_Task directions_
Go to the line below that has "Wildflower Morning Note Jacquard Top", print it and each line after it exactly, and stop after the line that has "Tellaro - Multicolour"; leave out pictures.

_Source data_
------------------------------------------------

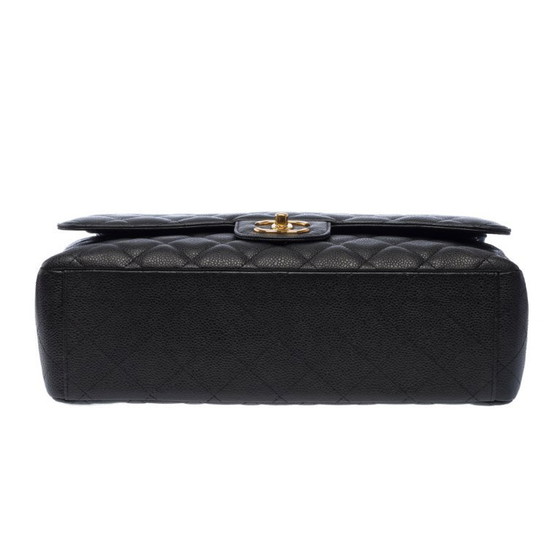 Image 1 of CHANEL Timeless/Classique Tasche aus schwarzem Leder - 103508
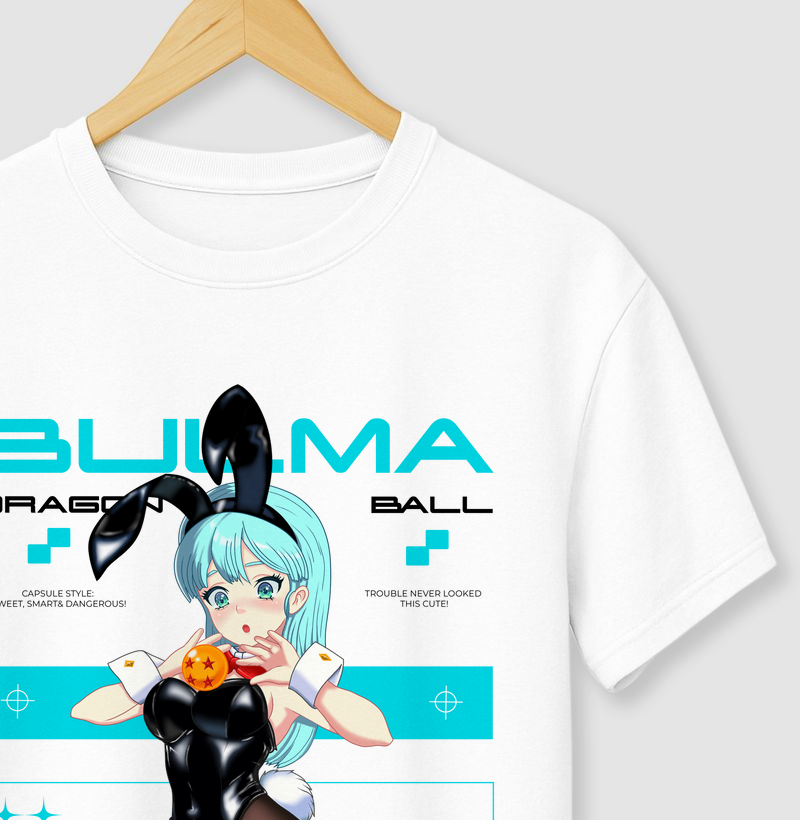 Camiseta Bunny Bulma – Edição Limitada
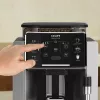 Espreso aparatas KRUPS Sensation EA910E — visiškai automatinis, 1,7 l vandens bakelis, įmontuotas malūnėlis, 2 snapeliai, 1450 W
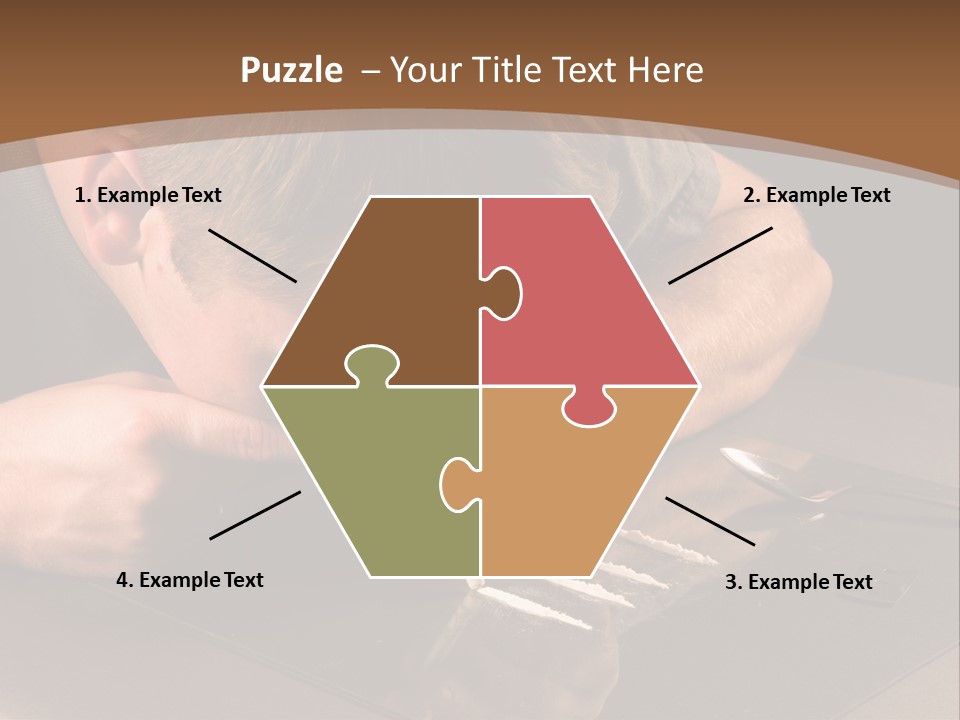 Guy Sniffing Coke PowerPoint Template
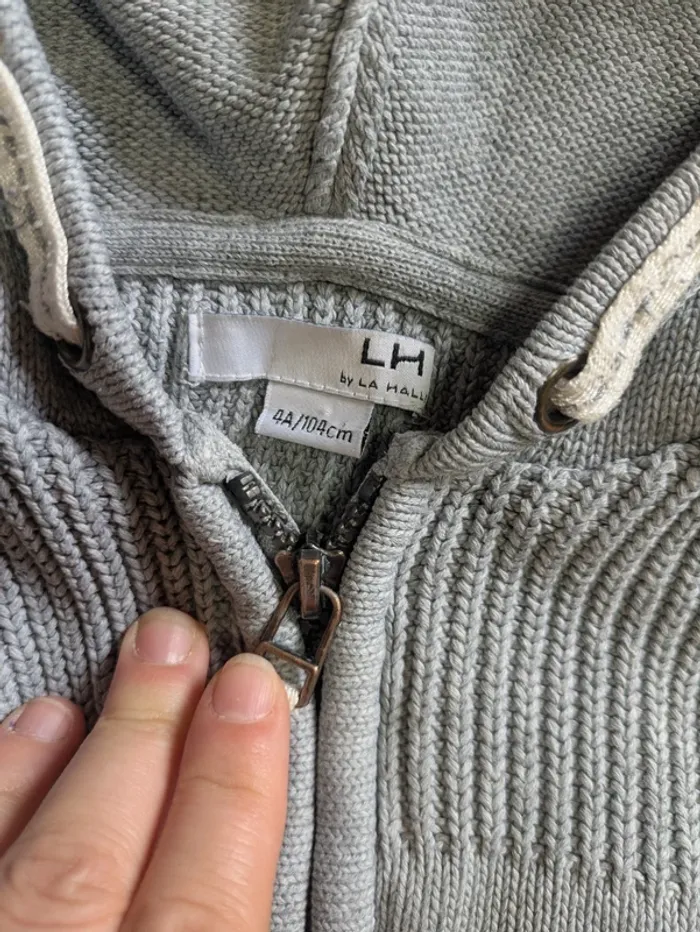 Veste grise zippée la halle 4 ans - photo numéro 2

------------------------------------------------

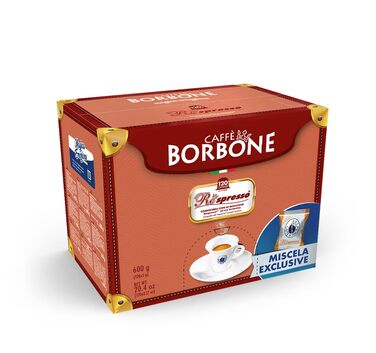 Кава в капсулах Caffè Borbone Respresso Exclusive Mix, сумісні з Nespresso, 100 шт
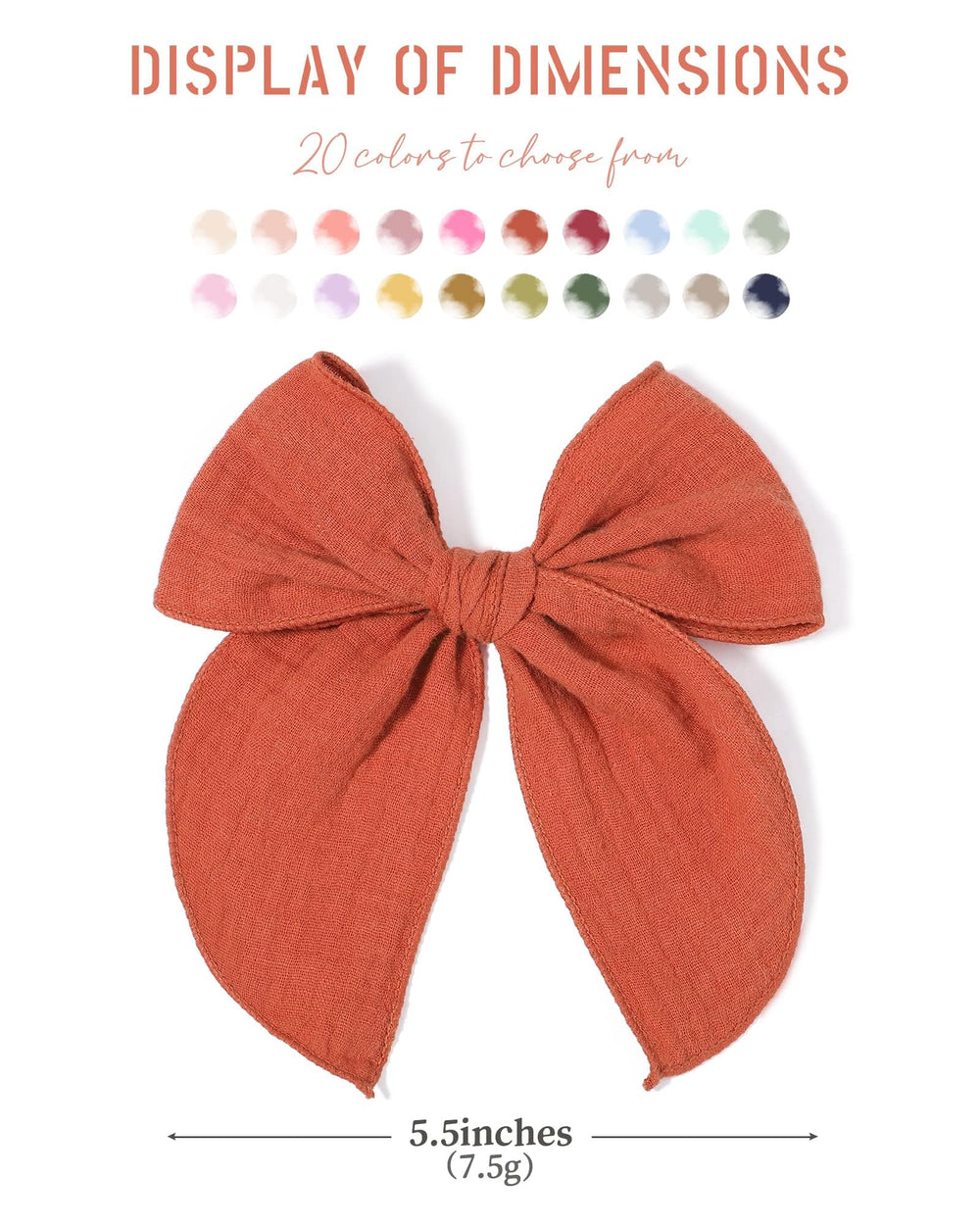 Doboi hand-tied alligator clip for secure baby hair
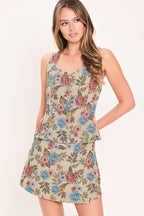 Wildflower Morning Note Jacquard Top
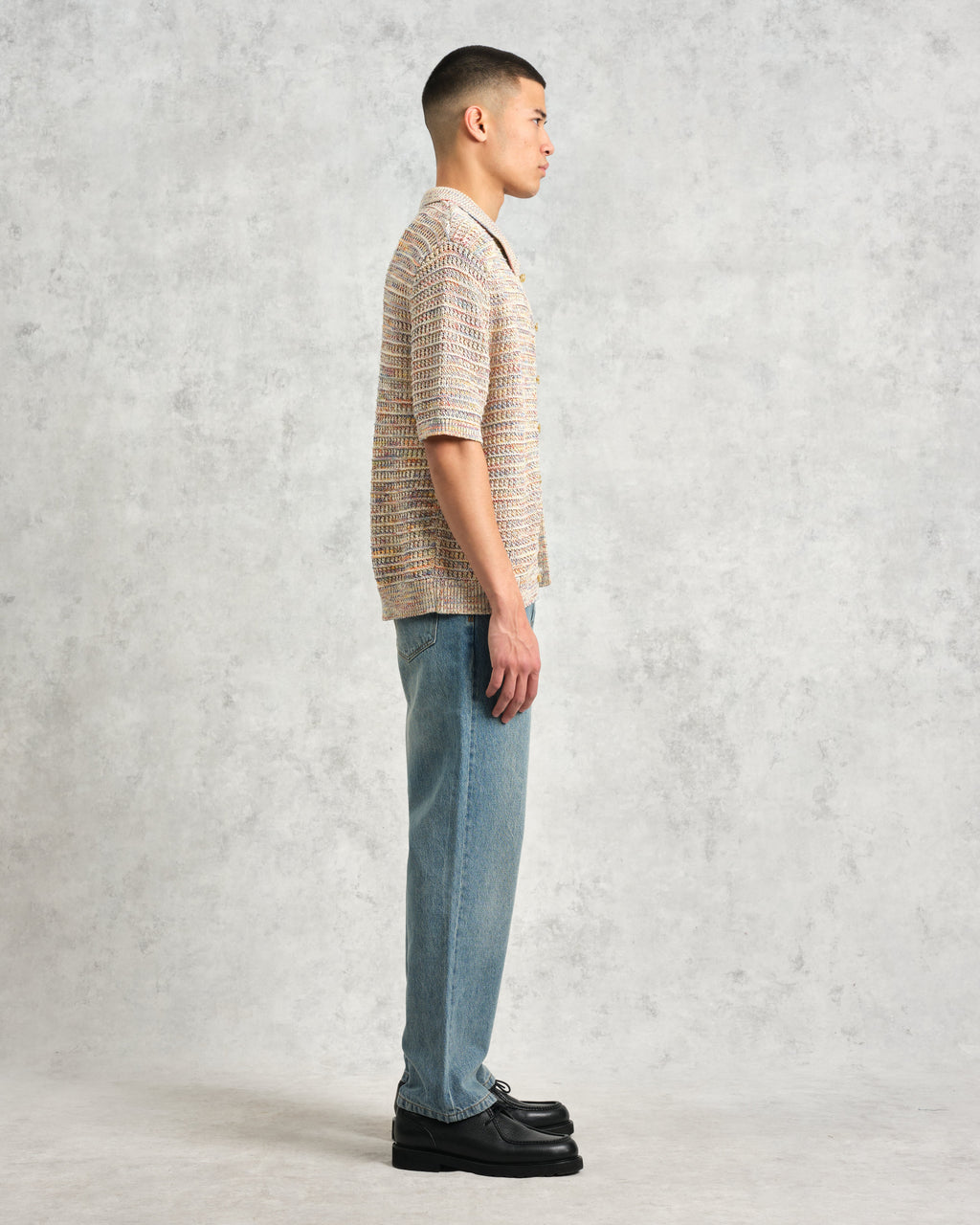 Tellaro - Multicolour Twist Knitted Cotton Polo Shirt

------------------------------------------------

_Answer section_
 Wildflower Morning Note Jacquard Top
 Tellaro - Multicolour Twist Knitted Cotton Polo Shirt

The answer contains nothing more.